Michal Hammel
Biophysicist Staff Scientist
Molecular Biophysics and Integrated Bioimaging
- Cellular and Tissue Imaging
Building: 6, Room 2104
Mail Stop: 6R2100
Phone: 510 457 6317
MHammel@lbl.gov
https://bl1231.als.lbl.gov/
Research Interests
My early scientific career began with the characterization of drug delivery in Low-Density Lipoprotein and mastering solution X-ray scattering (SAXS) techniques at the Austrian Academy of Sciences in Graz, Austria. I have been bridging crystallography with solution scattering since 2000. My early developments in integrative structural biology were later awarded Erwin Schrödinger fellowship to pursue my postdoctoral research in Marseille at Centre National de la Recherche Scientifique. Here I developed an ensemble modeling approach to investigate flexible and dynamic macromolecules by combining solution scattering, crystallography, and molecular dynamics. This early innovation becomes the groundwork for our current worldwide used FoXS software package.
Besides developing novel SAXS methods, my research focuses on visualizing the large megadalton biological assemblies that included the cellulosome, human complement, and non-homologous end-joining. Characterizing these dynamic molecules impacts medical research, like defining the allosteric mechanism for complement inhibition by the Staphylococcus aureus and discovering the extended grooved scaffold for DNA ligation in DNA break repair.

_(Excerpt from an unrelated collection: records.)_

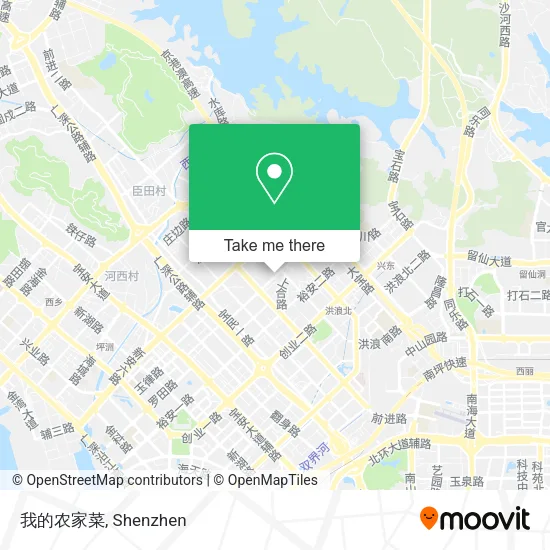 我的农家菜 map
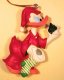 Donald Duck coal-in-stocking Disney ornament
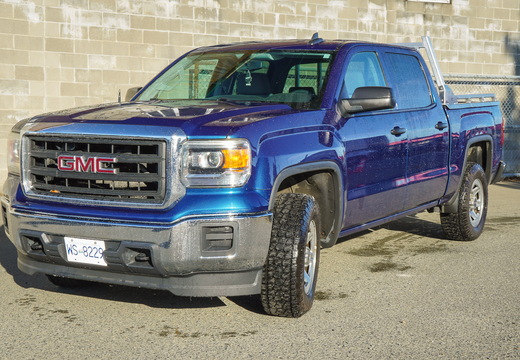 BLUE GMC HEADACHE RACK AND RAILS (14)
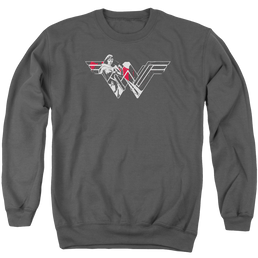 Batman v Superman Wonder Splatter Logo - Men's Crewneck Sweatshirt Men's Crewneck Sweatshirt Batman   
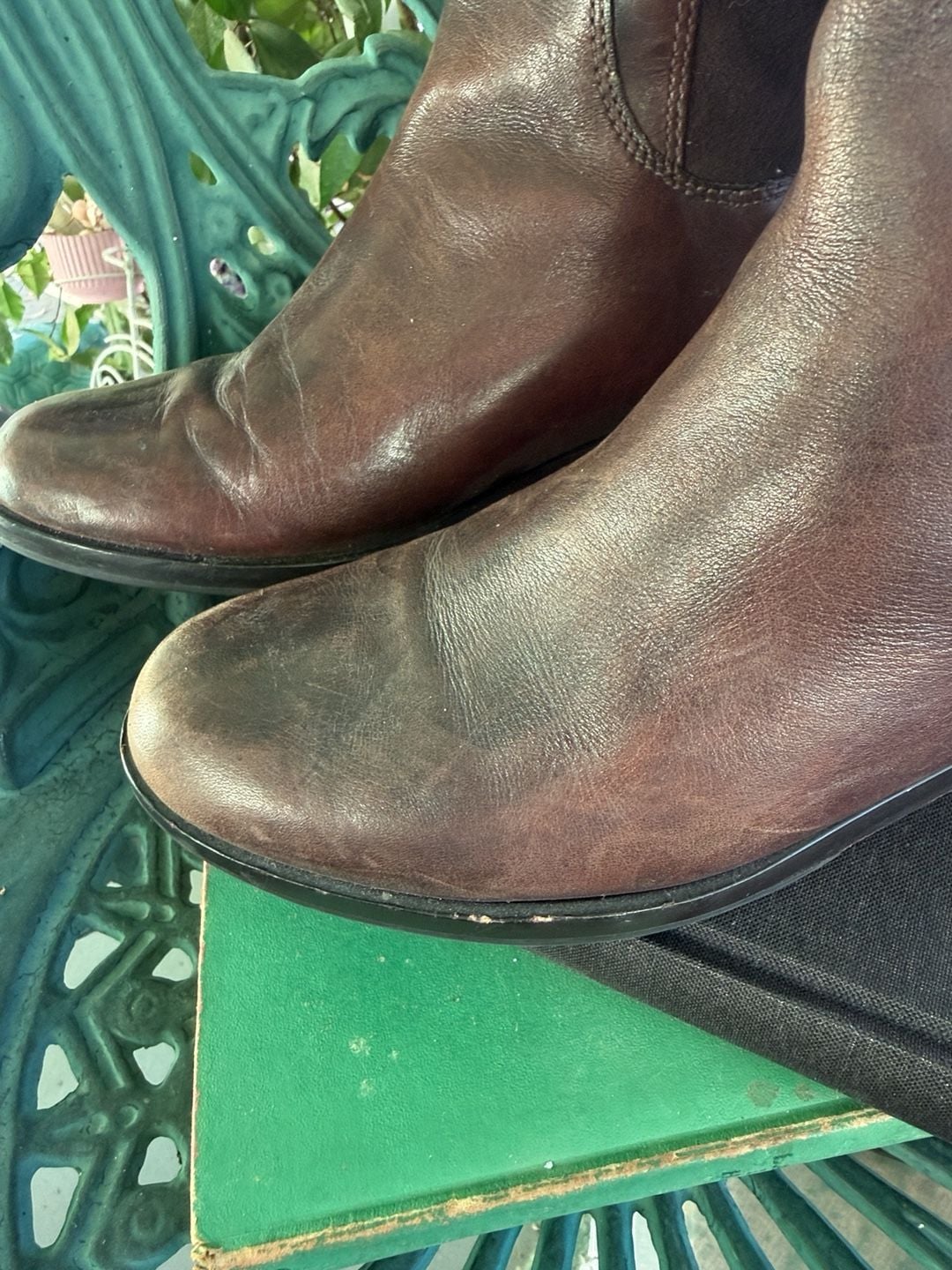 Nike Air Leather Equestrian Boots Size 8B Brown 6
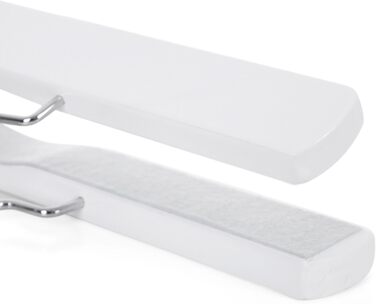 12 дерев'яних вішалок для штанів SONGMICS, вішалки для штанів, антиковзаючі, поворотні на 360 градусів, CRW007-12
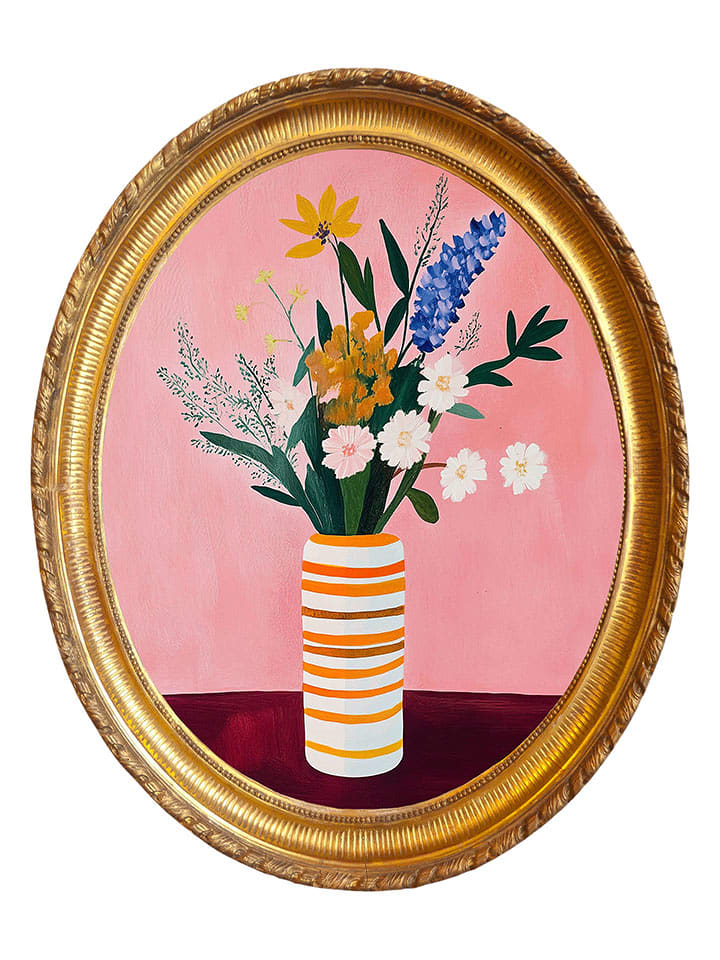 Madre Selva Druk artystyczny "Eclectic Bunch" w ramce - 50 x 40 cm rozmiar: onesize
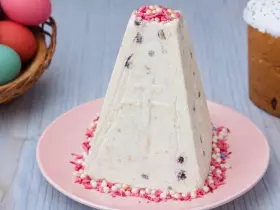 Творожная паска без выпечки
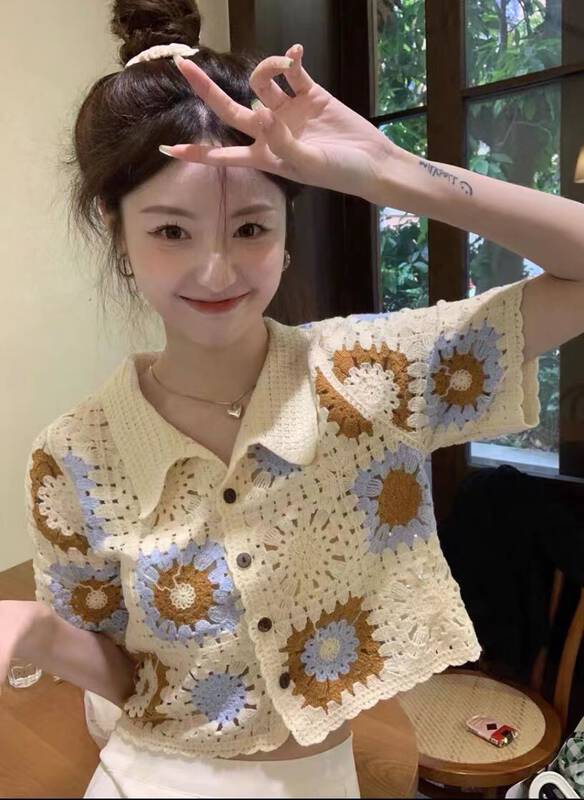 [I-D] Korean embroidered cardigan ys3001 \ll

My effort as the beamline scientist at the SIBYLS beamline at the Advanced Light Source (ALS) makes the SAXS technique accessible to more investigators and pushes SAXS onto a new paradigm. We have been the first to create a high throughput SAXS pipeline and established a mail-in program at SIBYLS to collect SAXS data for scientists from all around the world.

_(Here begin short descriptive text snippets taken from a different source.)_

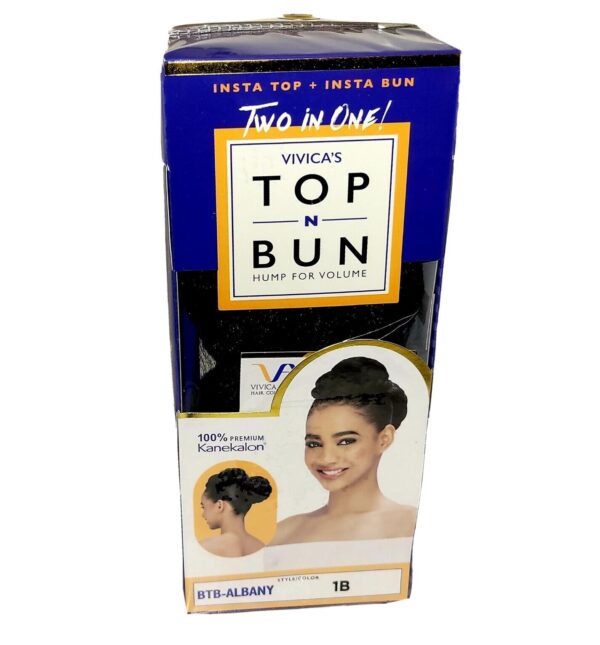 Vivica A Fox Top-N-Bun, BTB-ALBANY, 1B, Hairpiece for Quick & Fast Up-Do's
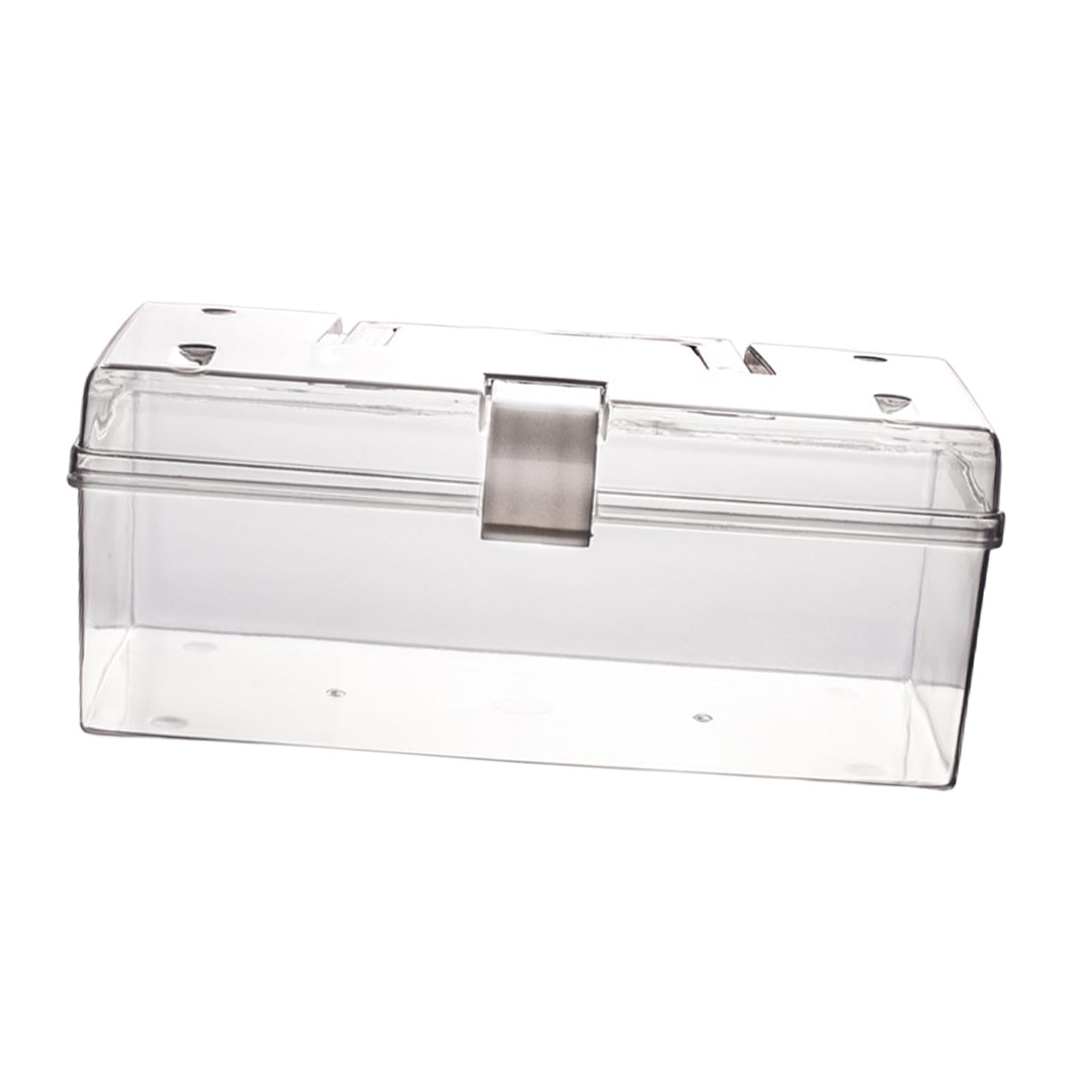 Ioensy - Caja De Medicamentos A Prueba De Polvo, Organizador De Almacenamiento De Medicamentos Para Acampar, Escritorio, Viaje, Largo Y Grande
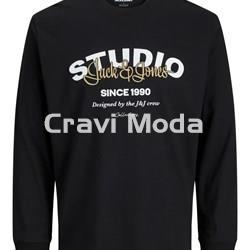 CAMISETA DE MANGA LARGA NEGRA - Imagen 1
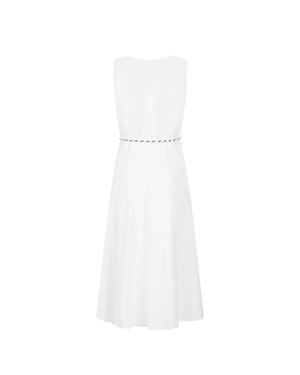 White summer dress in marine style | All products - 1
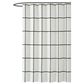 Pem America Truly Soft Windowpane Shower Curtain in Ivory and Black, , large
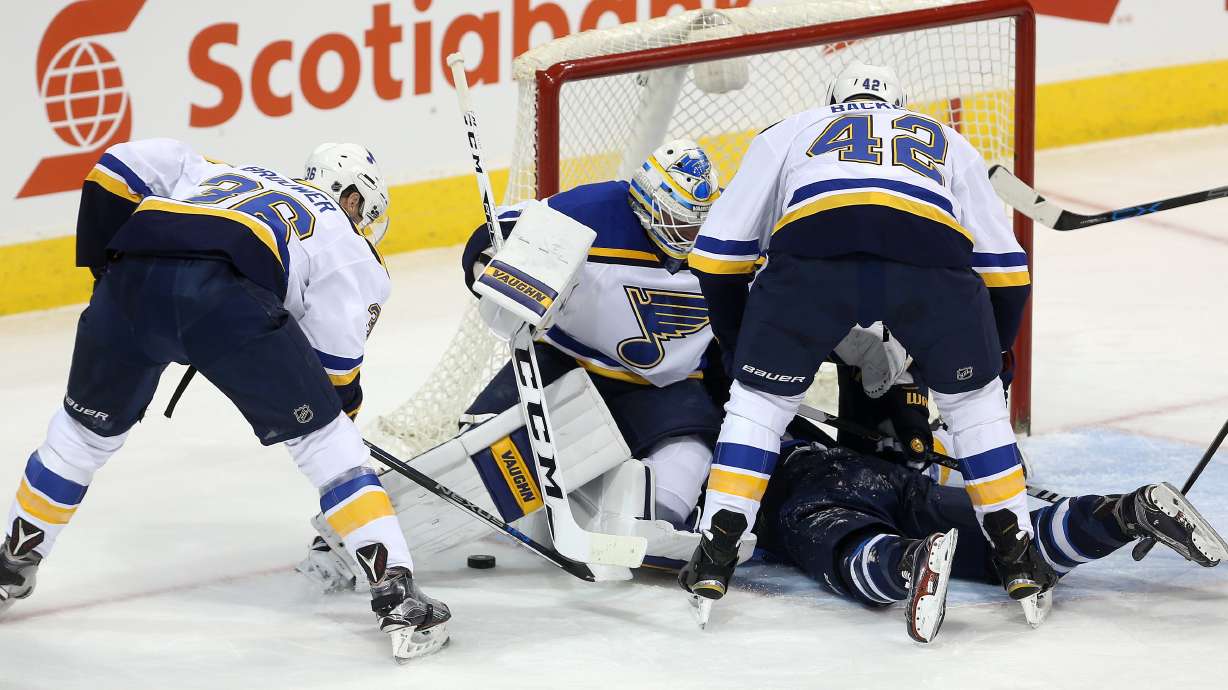 Blues erase deficit, beat Jets 4-3 on late goal from Stastny
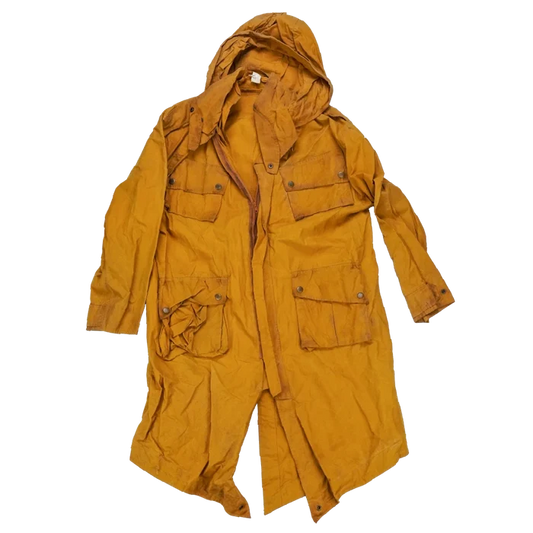 Production Made Yellow Canvas Parka with Hood - XLarge, Item 1 - Film Production Used - Parkas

As a research scientist at the LBNL, my research focuses on the modulation of transcription by DNA control elements. Using an altered bacterial histone-like protein, we show that reorganization of the bacterial chromatin can dynamically modulate the cellular transcription pattern. We anticipate making histone-like protein interactions an attractive target for controlling pathogenesis and microbial systems in general with this ongoing research.
I’m co-directing Structural Cell Biology Core of the NCI-funded Structural Cell Biology of DNA Repair (SBDR) group.